Determining which misfolded conformations are likely non-functional

The relative difference in function between misfolded trajectories and native-state reference trajectories was determined by calculating the relative difference of the structural overlap of residues identified to be involved in protein function using the equation

$${\chi }_{{{{{{\rm{func}}}}}}}=\left(1-\frac{\chi \left(t\right)}{{\left\langle \chi \left(t\right)\right\rangle }_{{{{{{\rm{NS}}}}}}}}\right)* 100 \% .$$

(13)

In this equation, $\chi \left(t\right)$ is the structural overlap between residues implicated in function at time $t$ in a misfolded trajectory with the native-state reference structure and ${\langle \chi \left(t\right)\rangle }_{{{{{{\rm{NS}}}}}}}$ is the mean of this same value computed over all simulation frames of the native-state reference simulations. The value of $\chi \left(t\right)$ is calculated as

$$\chi (t)=\frac{1}{N}{\sum }_{i\in \{{{{{{\rm{Func}}}}}}\}}{\sum }_{j\ge i+2;j\in \{{{{{{\rm{Func}}}}}}\}}\theta [{\epsilon }-|{r}_{ij}(t)-{r}_{ij}^{0}|]$$

(14)

and gives the fraction of pairwise distances that are at native-like values at time $t$. The set $\left\{{{{{{\rm{Func}}}}}}\right\}$ contains all residues implicated in protein function. The indices $i$ and $j$ correspond to residues in $\left\{{{{{{\rm{Func}}}}}}\right\}$ for the protein being analyzed. $N$ is the total number of pairwise contacts between residues $i$ and $j$ both in $\left\{{{{{{\rm{Func}}}}}}\right\}$ that also satisfy the condition $j\ge i+2.$ The parameters ${r}_{{ij}}\left(t\right)$ and ${r}_{{ij}}^{0}$ are the distances between residues $i$ and $j$ at time $t$ and between $i$ and $j$ in the native state reference structure, respectively. θ(x) is the step function given by

$$\theta (x)=\left\{\begin{array}{cc}1, & x\ge 0\\ 0, & x \, < \, 0\end{array}\right..$$

(15)

The value of $\epsilon$ is taken as $0.2{\cdot {{{{{\rm{r}}}}}}}_{{{{{{{\rm{c}}}}}}}_{{{{{{\rm{\alpha }}}}}}}}$ where ${{{{{{\rm{r}}}}}}}_{{{{{{{\rm{c}}}}}}}_{{{{{{\rm{\alpha }}}}}}}}= 3.81 { \AA }$ is the virtual bond length between coarse-grain interaction sites in the coarse-grain simulation model.
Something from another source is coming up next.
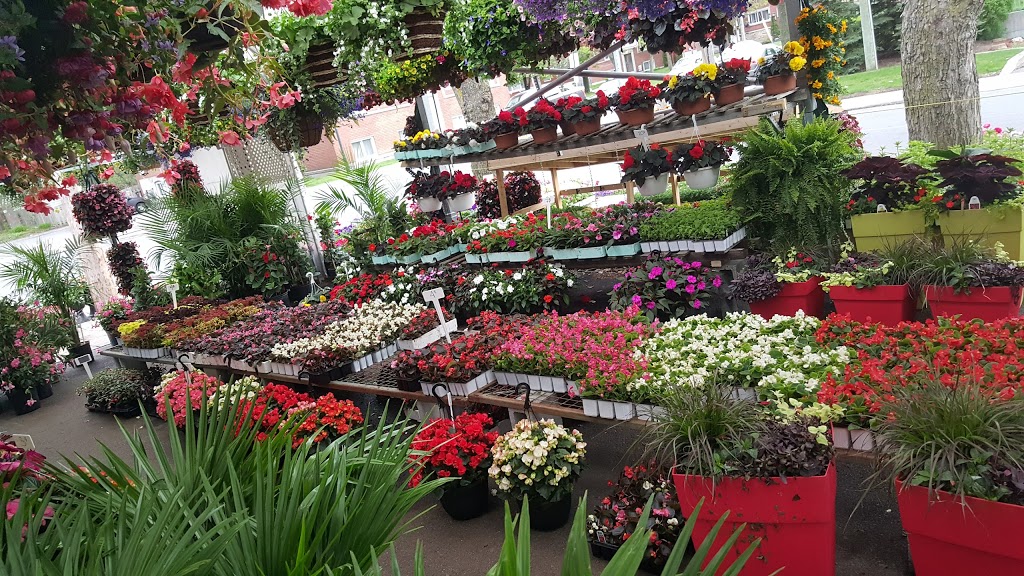 Lory Fleurs | 485 Chemin Bord-du-Lac, Dorval, QC H9S 2A9, Canada | Phone: (514) 804-8848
A particular pair of residues $i$ and $j$ contribute 1 to $\chi \left(t\right)$ if $\left|{r}_{{ij}}\left(t\right)-{r}_{{ij}}^{0}\right|$ is less than $\epsilon$, such that $\epsilon -\left|{r}_{{ij}}\left(t\right)-{r}_{{ij}}^{0}\right|\ge 0$, and in all other situations contribute 0 to $\chi \left(t\right)$. Similar forms of this equation have been used previously to observe structural transitions in simulations of proteins⁷⁰. The value of ${\chi }_{{{{{{\rm{func}}}}}}}$ was averaged over the final 100 ns for given protein trajectory to give $\langle {\chi }_{{{{{{\rm{func}}}}}}}\rangle$, the mean relative difference in structure of functional residues for the misfolded conformation in comparison to the native state. Trajectories with $\langle {\chi }_{{{{{{\rm{func}}}}}}}\rangle \ge 10 \%$ are considered to be less functional than the native state.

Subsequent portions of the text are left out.